The Data Liberation Initiative: A New Cooperative Model1

Wendy Watkins, Carleton University Library2

ABSTRACT: Producing a numerate workforce is critical to productivity in an information society. If this is to be realized, we must move away from the notion that data files and databases are arcane concepts that are foreign to libraries. This paper outlines a proposal to put Canadian data and databases in the hands of the research and education community through a co-operative effort between libraries, government and the Depository Services Program and brings readers up to date on the progress of the initiative.

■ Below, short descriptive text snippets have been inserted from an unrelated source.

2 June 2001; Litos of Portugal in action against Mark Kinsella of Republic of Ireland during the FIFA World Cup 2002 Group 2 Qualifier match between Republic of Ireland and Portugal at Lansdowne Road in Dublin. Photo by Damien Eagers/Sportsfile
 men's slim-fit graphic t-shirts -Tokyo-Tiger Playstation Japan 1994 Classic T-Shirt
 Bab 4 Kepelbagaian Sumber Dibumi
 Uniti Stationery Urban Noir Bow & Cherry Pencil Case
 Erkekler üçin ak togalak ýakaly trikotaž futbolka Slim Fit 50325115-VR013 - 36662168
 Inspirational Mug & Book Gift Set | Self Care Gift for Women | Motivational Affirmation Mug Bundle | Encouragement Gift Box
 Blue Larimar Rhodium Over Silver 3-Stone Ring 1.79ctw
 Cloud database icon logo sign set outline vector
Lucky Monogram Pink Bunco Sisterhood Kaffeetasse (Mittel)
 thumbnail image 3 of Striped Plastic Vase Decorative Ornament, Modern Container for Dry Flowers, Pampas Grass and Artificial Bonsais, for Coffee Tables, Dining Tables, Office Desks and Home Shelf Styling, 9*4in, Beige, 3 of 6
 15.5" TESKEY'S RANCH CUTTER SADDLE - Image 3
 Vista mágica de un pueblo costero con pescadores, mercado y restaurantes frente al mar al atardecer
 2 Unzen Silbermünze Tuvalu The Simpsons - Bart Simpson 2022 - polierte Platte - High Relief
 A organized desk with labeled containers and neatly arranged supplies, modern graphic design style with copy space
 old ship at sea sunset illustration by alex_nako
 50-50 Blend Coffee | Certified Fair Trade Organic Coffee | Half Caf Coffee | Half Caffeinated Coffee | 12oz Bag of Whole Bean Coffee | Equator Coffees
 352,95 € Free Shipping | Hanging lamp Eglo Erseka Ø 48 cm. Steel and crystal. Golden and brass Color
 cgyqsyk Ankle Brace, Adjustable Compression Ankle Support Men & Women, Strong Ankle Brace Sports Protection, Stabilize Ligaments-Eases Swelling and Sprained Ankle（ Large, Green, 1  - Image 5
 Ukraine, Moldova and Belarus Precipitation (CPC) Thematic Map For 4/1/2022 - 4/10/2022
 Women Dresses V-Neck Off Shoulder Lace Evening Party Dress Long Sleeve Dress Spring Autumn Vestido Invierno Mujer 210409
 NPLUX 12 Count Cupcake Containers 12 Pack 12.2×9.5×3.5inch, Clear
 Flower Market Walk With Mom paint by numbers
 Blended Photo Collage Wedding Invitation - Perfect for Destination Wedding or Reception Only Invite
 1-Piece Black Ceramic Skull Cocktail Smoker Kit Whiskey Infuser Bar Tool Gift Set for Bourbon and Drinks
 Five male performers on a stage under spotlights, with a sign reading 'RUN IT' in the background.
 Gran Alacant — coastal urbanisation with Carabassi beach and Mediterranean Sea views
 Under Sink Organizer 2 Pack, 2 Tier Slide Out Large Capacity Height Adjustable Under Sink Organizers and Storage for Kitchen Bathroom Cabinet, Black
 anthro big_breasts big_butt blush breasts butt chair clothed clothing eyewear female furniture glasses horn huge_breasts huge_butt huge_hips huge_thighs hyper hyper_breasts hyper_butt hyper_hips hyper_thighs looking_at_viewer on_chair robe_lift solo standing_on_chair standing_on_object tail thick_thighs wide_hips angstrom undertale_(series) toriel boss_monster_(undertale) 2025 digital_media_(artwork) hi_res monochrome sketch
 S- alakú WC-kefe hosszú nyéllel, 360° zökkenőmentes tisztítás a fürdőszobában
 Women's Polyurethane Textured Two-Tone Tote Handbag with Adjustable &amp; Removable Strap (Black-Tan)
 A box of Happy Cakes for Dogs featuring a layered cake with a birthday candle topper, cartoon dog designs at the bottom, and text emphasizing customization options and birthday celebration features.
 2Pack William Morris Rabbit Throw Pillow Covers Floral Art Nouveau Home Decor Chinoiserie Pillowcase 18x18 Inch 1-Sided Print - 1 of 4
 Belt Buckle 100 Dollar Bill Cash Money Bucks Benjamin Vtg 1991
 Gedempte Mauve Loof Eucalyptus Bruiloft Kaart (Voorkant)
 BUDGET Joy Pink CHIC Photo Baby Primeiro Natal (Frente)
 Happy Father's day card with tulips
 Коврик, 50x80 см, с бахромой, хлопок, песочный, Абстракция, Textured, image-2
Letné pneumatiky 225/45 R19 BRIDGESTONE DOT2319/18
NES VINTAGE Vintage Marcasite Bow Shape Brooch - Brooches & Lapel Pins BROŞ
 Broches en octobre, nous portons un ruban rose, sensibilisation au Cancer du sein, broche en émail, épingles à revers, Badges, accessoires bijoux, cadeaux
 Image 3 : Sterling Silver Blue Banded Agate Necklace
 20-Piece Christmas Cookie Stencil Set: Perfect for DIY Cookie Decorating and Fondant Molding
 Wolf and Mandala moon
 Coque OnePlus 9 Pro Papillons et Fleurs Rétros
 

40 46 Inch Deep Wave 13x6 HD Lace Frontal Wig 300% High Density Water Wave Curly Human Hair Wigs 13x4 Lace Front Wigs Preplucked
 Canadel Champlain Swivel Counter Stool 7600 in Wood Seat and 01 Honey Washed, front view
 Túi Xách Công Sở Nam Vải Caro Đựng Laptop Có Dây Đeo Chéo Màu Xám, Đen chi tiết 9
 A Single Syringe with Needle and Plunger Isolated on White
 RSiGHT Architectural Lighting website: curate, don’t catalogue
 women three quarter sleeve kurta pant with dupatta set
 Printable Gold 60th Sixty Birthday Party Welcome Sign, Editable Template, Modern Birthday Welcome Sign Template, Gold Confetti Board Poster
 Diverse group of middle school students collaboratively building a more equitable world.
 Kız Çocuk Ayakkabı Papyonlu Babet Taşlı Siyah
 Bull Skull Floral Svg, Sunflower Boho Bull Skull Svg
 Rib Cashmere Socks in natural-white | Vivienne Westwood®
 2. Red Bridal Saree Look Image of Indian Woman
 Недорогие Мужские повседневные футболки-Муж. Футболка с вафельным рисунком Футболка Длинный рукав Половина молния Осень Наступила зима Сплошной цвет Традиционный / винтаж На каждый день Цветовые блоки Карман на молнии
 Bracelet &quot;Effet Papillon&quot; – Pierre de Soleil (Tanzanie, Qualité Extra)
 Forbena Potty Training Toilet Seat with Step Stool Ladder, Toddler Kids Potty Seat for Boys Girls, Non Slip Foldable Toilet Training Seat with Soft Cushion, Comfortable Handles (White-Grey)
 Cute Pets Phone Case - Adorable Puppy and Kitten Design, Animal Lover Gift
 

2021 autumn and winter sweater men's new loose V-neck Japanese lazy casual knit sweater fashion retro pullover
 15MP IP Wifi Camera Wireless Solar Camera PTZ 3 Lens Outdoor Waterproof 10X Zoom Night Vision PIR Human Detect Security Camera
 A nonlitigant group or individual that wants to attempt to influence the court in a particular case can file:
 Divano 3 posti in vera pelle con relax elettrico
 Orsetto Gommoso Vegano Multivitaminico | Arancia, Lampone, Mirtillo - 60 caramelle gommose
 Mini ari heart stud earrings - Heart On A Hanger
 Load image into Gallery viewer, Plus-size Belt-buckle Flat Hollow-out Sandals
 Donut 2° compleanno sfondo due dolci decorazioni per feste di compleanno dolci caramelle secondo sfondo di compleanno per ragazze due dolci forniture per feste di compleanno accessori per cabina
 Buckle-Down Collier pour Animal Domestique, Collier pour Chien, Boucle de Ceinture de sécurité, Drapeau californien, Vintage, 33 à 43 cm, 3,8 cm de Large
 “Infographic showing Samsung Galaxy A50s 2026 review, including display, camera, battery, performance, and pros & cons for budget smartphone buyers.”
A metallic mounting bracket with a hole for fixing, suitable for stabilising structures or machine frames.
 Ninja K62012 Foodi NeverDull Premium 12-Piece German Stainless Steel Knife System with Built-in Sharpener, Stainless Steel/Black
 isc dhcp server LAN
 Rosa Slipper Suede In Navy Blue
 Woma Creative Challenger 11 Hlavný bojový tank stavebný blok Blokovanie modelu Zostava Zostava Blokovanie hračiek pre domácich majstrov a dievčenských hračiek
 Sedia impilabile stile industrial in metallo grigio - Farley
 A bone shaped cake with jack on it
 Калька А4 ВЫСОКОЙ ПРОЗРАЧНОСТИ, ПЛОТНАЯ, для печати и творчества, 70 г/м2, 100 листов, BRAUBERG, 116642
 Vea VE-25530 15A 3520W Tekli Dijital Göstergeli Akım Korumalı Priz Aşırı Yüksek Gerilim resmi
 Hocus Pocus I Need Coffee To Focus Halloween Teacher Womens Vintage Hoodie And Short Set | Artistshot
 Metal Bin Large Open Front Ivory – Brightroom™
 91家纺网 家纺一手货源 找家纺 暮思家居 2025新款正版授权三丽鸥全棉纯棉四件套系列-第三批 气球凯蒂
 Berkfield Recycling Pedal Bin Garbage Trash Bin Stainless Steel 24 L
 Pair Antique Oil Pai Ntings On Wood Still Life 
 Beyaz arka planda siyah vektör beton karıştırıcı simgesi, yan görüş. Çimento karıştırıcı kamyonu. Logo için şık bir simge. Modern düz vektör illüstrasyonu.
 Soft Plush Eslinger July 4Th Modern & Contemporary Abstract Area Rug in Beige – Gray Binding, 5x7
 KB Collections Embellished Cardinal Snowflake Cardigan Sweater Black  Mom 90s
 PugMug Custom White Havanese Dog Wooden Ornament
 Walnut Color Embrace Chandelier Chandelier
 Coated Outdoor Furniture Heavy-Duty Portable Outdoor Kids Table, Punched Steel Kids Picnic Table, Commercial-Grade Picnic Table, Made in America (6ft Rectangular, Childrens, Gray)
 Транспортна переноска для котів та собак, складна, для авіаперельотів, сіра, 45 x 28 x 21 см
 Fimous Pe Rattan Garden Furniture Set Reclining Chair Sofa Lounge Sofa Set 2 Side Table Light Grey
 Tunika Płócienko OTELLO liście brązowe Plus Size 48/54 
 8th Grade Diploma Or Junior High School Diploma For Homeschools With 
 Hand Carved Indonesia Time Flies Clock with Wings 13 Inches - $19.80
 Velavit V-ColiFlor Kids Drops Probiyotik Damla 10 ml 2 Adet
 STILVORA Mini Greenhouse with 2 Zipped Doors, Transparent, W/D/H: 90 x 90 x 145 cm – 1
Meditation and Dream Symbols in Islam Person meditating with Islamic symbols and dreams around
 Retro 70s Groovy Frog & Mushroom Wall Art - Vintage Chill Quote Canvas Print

RÉSUMÉ: Dans une société fondée sur l'information, il est absolument essentiel de pouvoir produire une main-d'oeuvre qui sait faire l'analyse statistique. Si nous voulons y arriver, nous devons abandonner l'idée que les fichiers de données et les bases de données sont des concepts ésotériques qui n'ont pas leur place dans les bibliothèques. La présente communication trace les grandes lignes d'une proposition qui remettrait les données et les bases de données canadiennes entre les mains de gestionnaires du milieu de la recherche et de l'éducation au moyen d'un effort de collaboration entre les bibliothèques, le gouvernement et le Programme de services aux dépositaires.

Introduction

To be successful in a world that is becoming more and more dependent on information and knowledge, countries need to develop strategies to fully exploit the resources available to them. By the nature of their activities, governments are important sources of data and information, but the ability to exploit them resides not only in government. Private, academic and public sectors all require access to this wealth of information and data in order to realize their true potential. The Data Liberation Initiative is a proposal to provide access to these resources.

This initiative stems from a paper "Liberating the Data: A Proposal for a Joint Venture between Statistics Canada and Canadian Universities,"3 which suggests a co-operative scenario that would see Statistics Canada's data files made more easily available to the Canadian research community. The major premise of the paper is based on the fact that United States and international data are being used by the Canadian research community because Canadian data, while available, are either unknown or unaffordable. In both cases, they are inaccessible.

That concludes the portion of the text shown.